No me refiero a la queja social porque para mí basta salir a la calle (y le pongo acento al “para mí” porque últimamente parece que todo es cuestión de percepción íntima y que cierto encuentro con la realidad es sólo construcción de relatos) y recibir la bofetada: un niño mugriento, una baldosa suelta, el pastabasero de la esquina, todo el andamiaje casi cósmico (si no fuera ideado por la Gran Máquina y los hombres-máquina) de lo cotidiano. Pero no es de las realidades que hacen imposible cierta satisfacción, un poquito de paz, sosiego (ya es demasiado fantasioso hablar de completud) sobre lo que estoy hablando. Hablo de eso inexplicable y que nos llena de rabia contra nosotros mismos porque “no puede ser que sea así”. La sensación que tan bien describe a veces el caricaturista argentino Tute, por ejemplo, cuando dibuja a una paciente recostada en el sillón psicoanalítico, diciéndole a su terapeuta “vengo porque no me pasa nada”. O esa otra, magistral, en la que le declara: “Si no le molesta, me gustaría estar un rato a solas con mis problemas”. El paciente (“analizando”, dirían, creo, los más lacanianos) conquistó su espacio, paga por su terapia y por acercarse a qué le sucede o por ser escuchado y, en el momento cúspide, el de decirse (también puede callar, ya lo sabemos, pero estamos hablando del sentido de la tira y usándola como excusa para otros asuntos), manifiesta que no, ahora no, no lo quiero, lo tengo y me aburre o me hastía.
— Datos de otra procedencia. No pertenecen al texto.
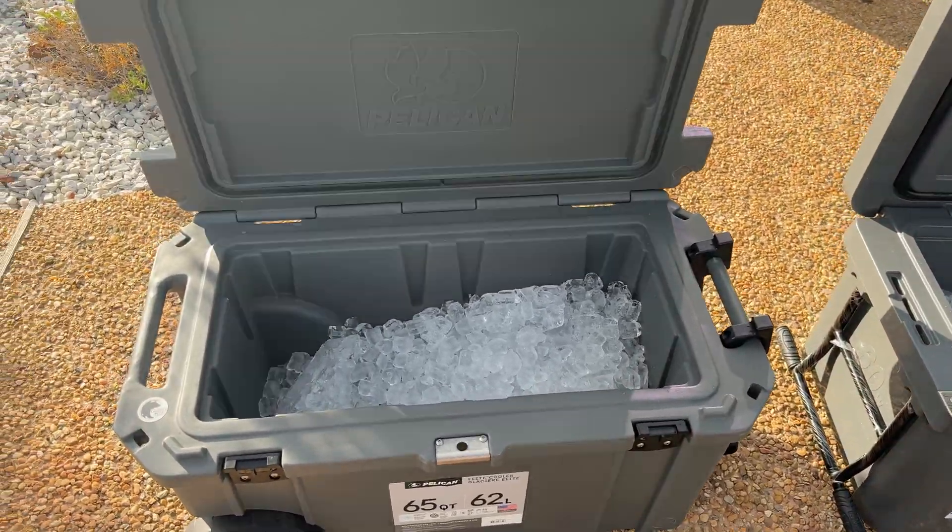Now, before I dive into the product review, this is a no BS channel. We do not get paid for these reviews and they are not sponsored. That means we bought both of these coolers with our own money so you can get an unbiased, honest review. If you want more honest product reviews, please hit that like and subscribe button as we produce content weekly.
Justo algo en lo que esa disciplina (eso sí creo saberlo más allá del saber no sabido del psicoanálisis: ¡tomá para tu tía Gregoria!) aborda e indaga, rebusca, hurga: el nombrar la insatisfacción; y entonces, doble hallazgo de Tute. Representa lo no dicho. Pero vayamos al asunto que nos convoca y dejemos de lado mi evidente diletancia clínico-psicoanalítica.

Insatisfechos con nosotros mismos, por cultura, naturaleza o pulsión, lo mismo da. Tanto tiempo (meses, a veces años) para la conquista de lo perseguido y, tras el trofeo, unos días o un tiempito de algarabía, de orgullo, de apropiación del objeto deseado (el que sea), de varios brindis sin copa desmesurada, porque ya se acaba la fiesta, de calma, al menos, por llegar a algún territorio firme, ya no al deseo sino a su concreción, a alguna certeza y, enseguida, la duda, cuando no la indiferencia o hasta el rechazo. Al final, ¿era esto?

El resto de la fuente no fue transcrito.